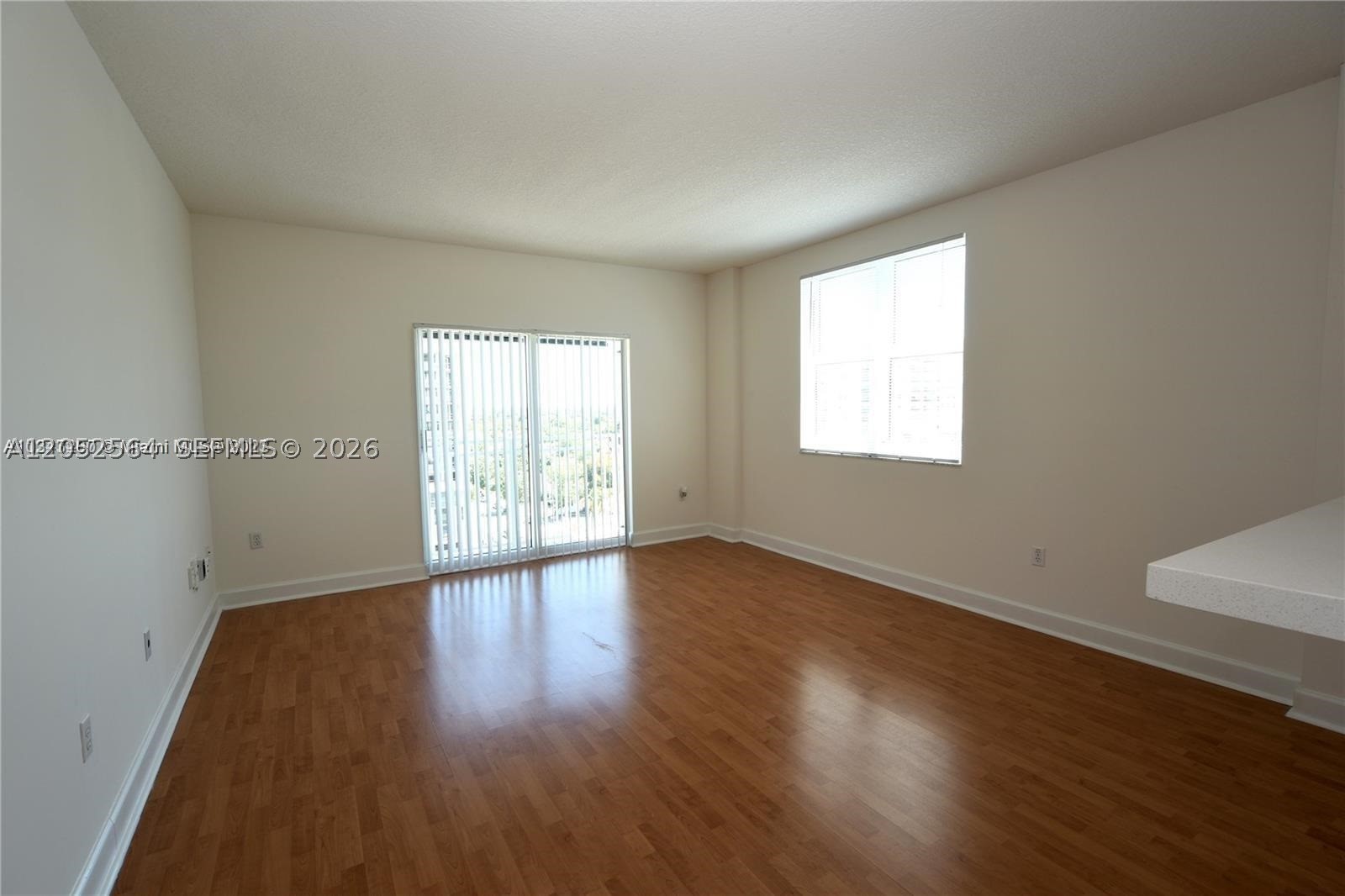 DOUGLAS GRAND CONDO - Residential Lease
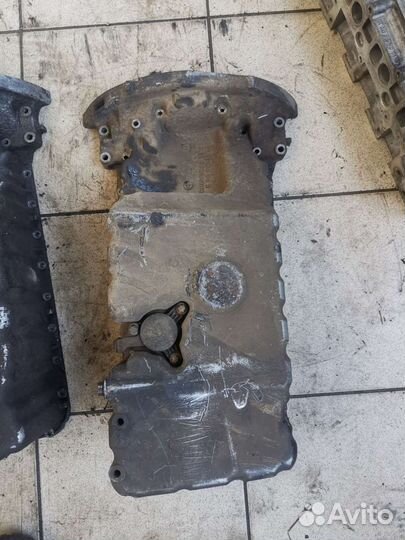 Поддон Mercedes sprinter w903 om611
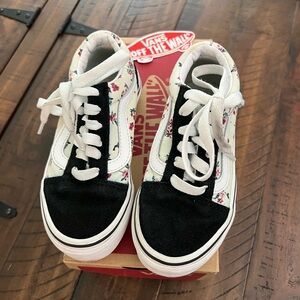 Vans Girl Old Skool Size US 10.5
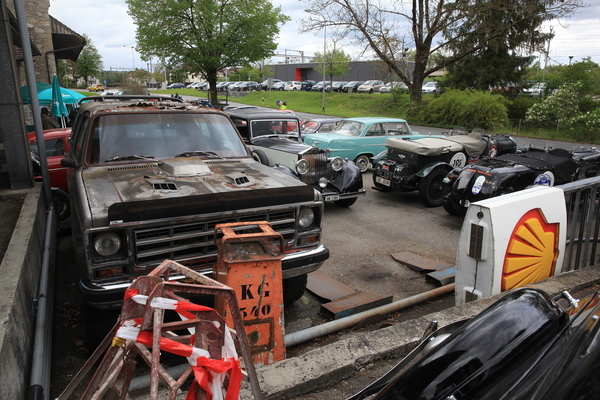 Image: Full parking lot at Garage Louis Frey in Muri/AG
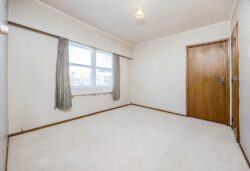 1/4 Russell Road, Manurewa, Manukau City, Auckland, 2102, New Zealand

_What the task requires_
Could you write out every line above exactly as it stands, with no images?

_Task result_
 DOUGLAS GRAND CONDO - Residential Lease
 Поддон Mercedes sprinter w903 om611
 Vans Girl Old Skool Size US 10.5
 Image: Full parking lot at Garage Louis Frey in Muri/AG
 1/4 Russell Road, Manurewa, Manukau City, Auckland, 2102, New Zealand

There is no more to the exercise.